Task to complete » In the listing below, start your output at the line with "w południowo-nochodniej Poloce" and end it after the line with "od wschodu z W", copying every line exactly.

Input for this task »

=== Section Start ===

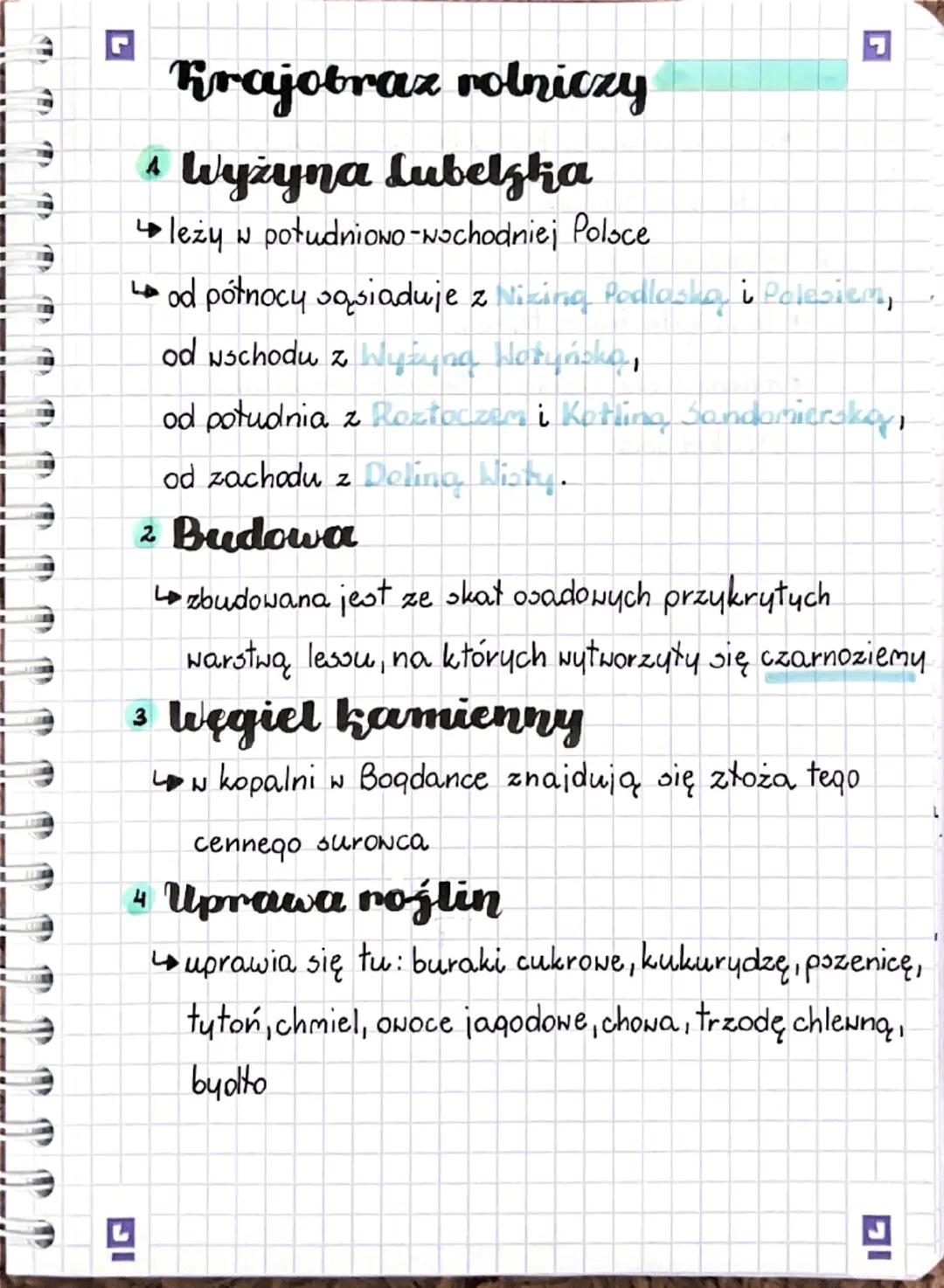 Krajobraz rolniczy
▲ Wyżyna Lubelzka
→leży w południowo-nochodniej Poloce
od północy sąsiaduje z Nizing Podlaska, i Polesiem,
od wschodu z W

=== Section End ===
=== Section Start ===

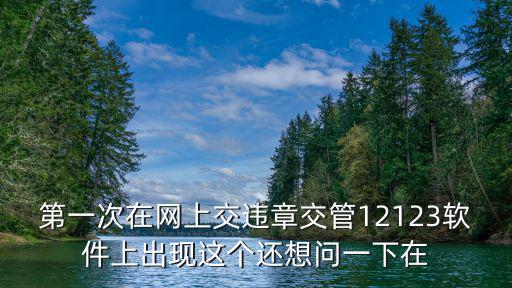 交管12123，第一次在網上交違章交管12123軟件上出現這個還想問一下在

=== Section End ===

Completed exercise »
→leży w południowo-nochodniej Poloce
od północy sąsiaduje z Nizing Podlaska, i Polesiem,
od wschodu z W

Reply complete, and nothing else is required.